Et Dortmunder ? Patience, il arrive. En 1967, Westlake s’embourbe dans la rédaction d’un nouveau Parker. Il décide alors de recommencer le livre en le transformant en comédie. Ce sera Pierre qui roule, premier épisode de la geste de Dortmunder, le guignard de la cambriole, l’antithèse burlesque de Parker. La saga de Parker était une parodie sérieuse du style comportemental hérité du roman hard-boiled. Les Dortmunder seront la parodie de cette parodie. Et le comble sera atteint dans Jimmy the Kid, dans lequel Dortmunder et Kelp s’inspirent… d’un roman de Richard Stark pour monter un kidnapping d’enfant. Et naturellement tout ce qui réussit à la perfection pour Parker foire lamentablement pour Dortmunder et sa bande de bras cassés. C’est un sommet d’autodérision.

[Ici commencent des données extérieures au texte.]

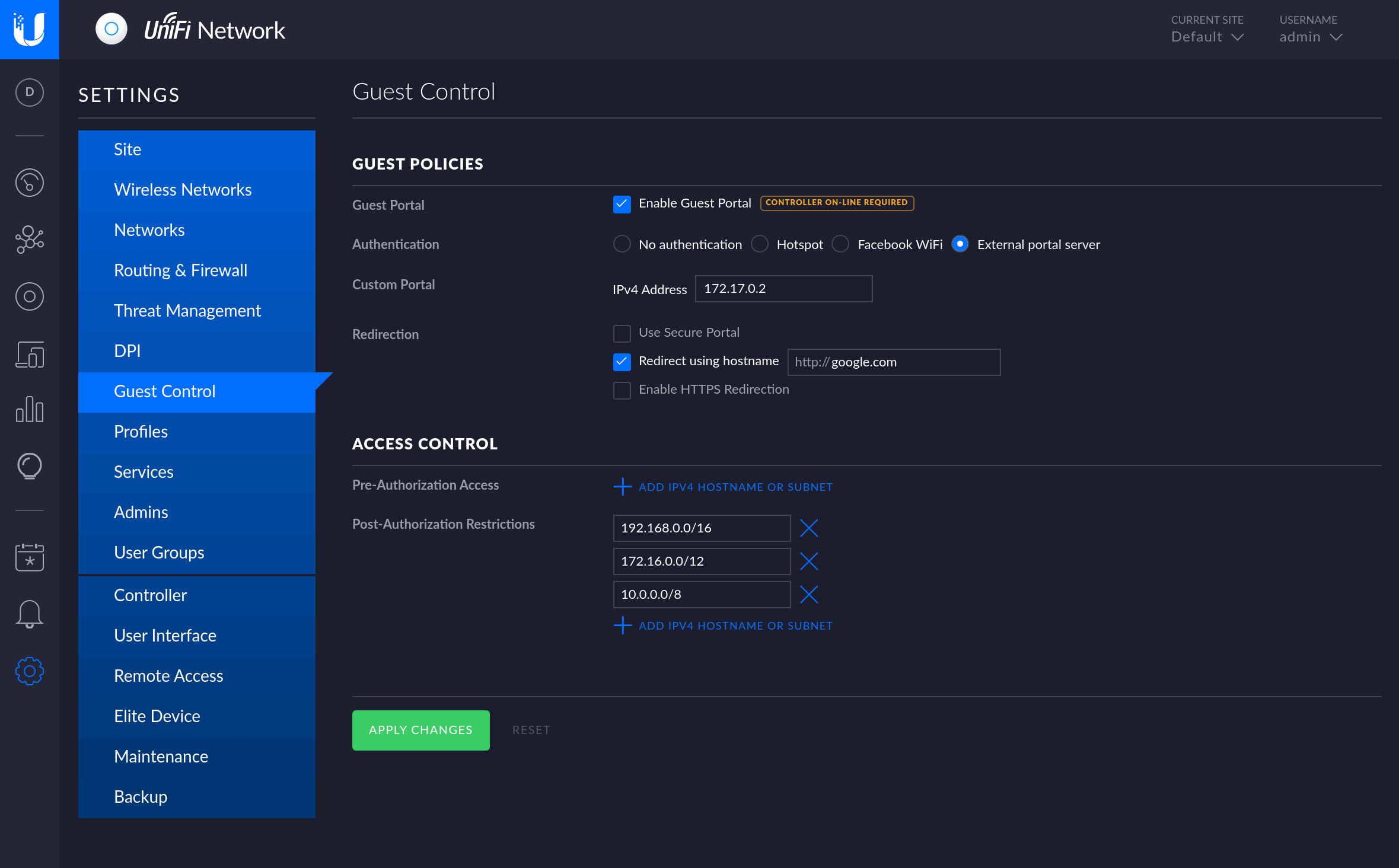  Howto setup the Unifi Captive Portal for your Guests - Step 3 - Set Up the Guest Policies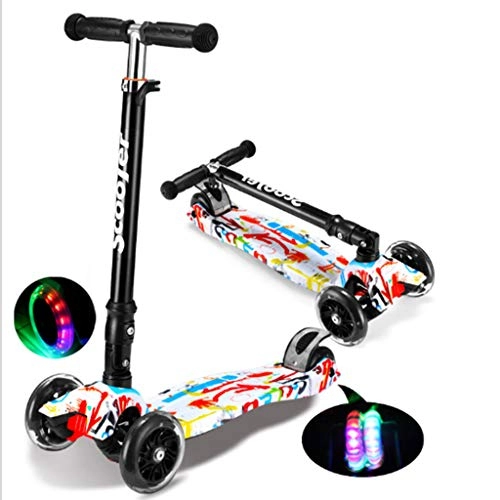 Scooter : Scooter Three-Wheeled Child Three-Wheeled Scooter for Children Aged 2-12 - Led Illuminated Wheel Foldable Design with Adjustable Handle and Lightweight Construction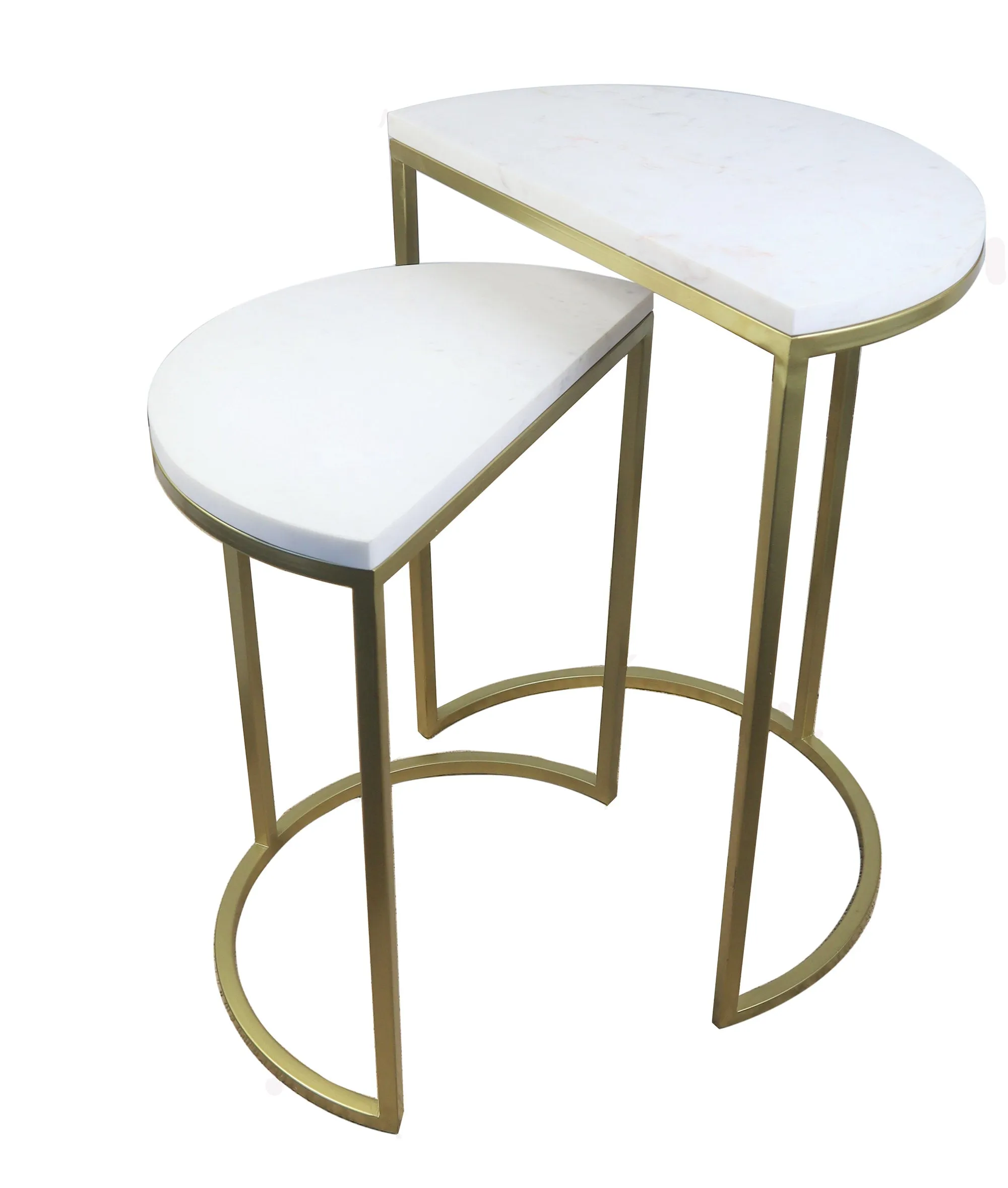 Luxore Half Moon Nest Of 2 Tables, White Marble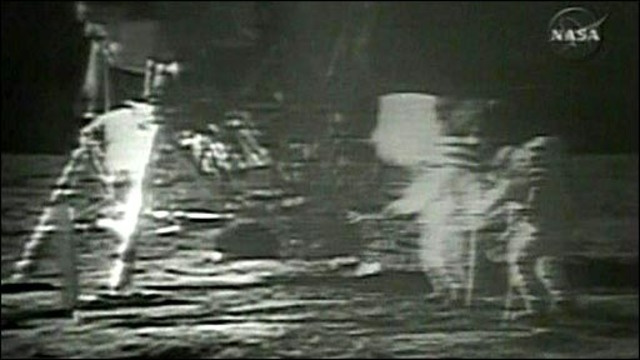 U.S. Moon Landing Shown on T.V.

Dortmunder, pas plus que Parker, n’avait été conçu pour devenir le héros d’une série. Les voies de la création étant imprévisibles, il aura inspiré à Westlake une douzaine de romans, ainsi qu’une poignée de nouvelles publiées au fil des ans dans des journaux et des magazines, et que voici réunies en recueil. Romancier jusqu’au bout des ongles, Westlake est aussi un excellent nouvelliste, comme en témoignaient déjà Drôle d’alibi et En pièces détachées. On y perd inévitablement les digressions, le plaisir de musarder en multipliant personnages et situations qui se télescopent, qui font le charme de ses romans. Mais la drôlerie, le ton satirique, le sens de l’absurde sont au rendez-vous, de même que l’invention toujours renouvelée de situations ahurissantes. Les aspirants nouvellistes apprécieront son sens de l’attaque digne d’un grand soliste de jazz, la première phrase plantée comme un dard qui met aussitôt le lecteur en situation. Le plus souvent, Westlake s’emploie à plonger Dortmunder dans un milieu étranger (une réception de Noël, le monde du turf, des collectionneurs d’art friqués ou des joueurs de poker professionnel, et même, horreur ! la campagne), où son grand corps efflanqué jure comme un coup de poing au milieu de la figure, et à le regarder se dépatouiller. Avec Quoi encore ?, tels Seinfeld, Constanza et leur show about nothing, il s’amuse en virtuose à construire une nouvelle sur rien : Dortmunder sort de chez lui pour faire une course, et c’est tout ; le récit repose sur la difficulté insoupçonnée qu’il y a à se rendre d’un point A à un point B. Trop d’escrocs, qui transforme une banque braquée de tous les côtés en cabine de paquebot des Marx Brothers, est peut-être la plus belle fleur du bouquet.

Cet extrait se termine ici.